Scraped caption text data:
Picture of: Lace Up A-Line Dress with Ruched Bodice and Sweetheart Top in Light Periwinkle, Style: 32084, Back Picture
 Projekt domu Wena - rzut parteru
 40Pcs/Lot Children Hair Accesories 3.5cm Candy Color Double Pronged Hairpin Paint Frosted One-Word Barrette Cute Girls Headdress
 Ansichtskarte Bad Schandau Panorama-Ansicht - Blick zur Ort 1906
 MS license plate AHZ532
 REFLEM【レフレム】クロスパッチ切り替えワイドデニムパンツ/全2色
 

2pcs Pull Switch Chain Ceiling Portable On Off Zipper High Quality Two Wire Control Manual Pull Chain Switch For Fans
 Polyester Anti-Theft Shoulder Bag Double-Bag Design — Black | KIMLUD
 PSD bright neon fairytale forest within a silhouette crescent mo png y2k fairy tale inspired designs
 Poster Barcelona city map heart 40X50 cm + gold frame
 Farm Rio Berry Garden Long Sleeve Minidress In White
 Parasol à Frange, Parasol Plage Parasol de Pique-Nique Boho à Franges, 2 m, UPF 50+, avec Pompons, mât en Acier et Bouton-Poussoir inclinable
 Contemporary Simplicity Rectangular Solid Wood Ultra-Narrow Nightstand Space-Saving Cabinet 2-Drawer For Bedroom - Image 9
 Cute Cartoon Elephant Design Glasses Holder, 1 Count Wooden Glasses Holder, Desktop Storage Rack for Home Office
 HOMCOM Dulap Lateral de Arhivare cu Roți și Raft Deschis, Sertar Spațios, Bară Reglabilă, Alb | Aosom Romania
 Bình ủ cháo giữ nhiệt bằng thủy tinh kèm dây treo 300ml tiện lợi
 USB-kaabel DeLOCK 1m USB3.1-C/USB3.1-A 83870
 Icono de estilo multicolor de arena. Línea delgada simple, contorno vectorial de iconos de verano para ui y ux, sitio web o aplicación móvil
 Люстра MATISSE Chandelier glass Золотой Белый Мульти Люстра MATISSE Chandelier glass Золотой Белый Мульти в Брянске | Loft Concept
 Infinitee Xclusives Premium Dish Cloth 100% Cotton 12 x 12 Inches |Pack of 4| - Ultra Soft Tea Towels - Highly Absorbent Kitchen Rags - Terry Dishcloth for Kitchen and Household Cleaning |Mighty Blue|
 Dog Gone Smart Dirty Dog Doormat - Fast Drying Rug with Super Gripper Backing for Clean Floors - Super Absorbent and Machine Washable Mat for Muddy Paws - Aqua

What is needed
Please copy the line holding "Farm Rio Berry" and all lines after it to the end of the records, exactly, and nothing else.

Completed exercise
 Farm Rio Berry Garden Long Sleeve Minidress In White
 Parasol à Frange, Parasol Plage Parasol de Pique-Nique Boho à Franges, 2 m, UPF 50+, avec Pompons, mât en Acier et Bouton-Poussoir inclinable
 Contemporary Simplicity Rectangular Solid Wood Ultra-Narrow Nightstand Space-Saving Cabinet 2-Drawer For Bedroom - Image 9
 Cute Cartoon Elephant Design Glasses Holder, 1 Count Wooden Glasses Holder, Desktop Storage Rack for Home Office
 HOMCOM Dulap Lateral de Arhivare cu Roți și Raft Deschis, Sertar Spațios, Bară Reglabilă, Alb | Aosom Romania
 Bình ủ cháo giữ nhiệt bằng thủy tinh kèm dây treo 300ml tiện lợi
 USB-kaabel DeLOCK 1m USB3.1-C/USB3.1-A 83870
 Icono de estilo multicolor de arena. Línea delgada simple, contorno vectorial de iconos de verano para ui y ux, sitio web o aplicación móvil
 Люстра MATISSE Chandelier glass Золотой Белый Мульти Люстра MATISSE Chandelier glass Золотой Белый Мульти в Брянске | Loft Concept
 Infinitee Xclusives Premium Dish Cloth 100% Cotton 12 x 12 Inches |Pack of 4| - Ultra Soft Tea Towels - Highly Absorbent Kitchen Rags - Terry Dishcloth for Kitchen and Household Cleaning |Mighty Blue|
 Dog Gone Smart Dirty Dog Doormat - Fast Drying Rug with Super Gripper Backing for Clean Floors - Super Absorbent and Machine Washable Mat for Muddy Paws - Aqua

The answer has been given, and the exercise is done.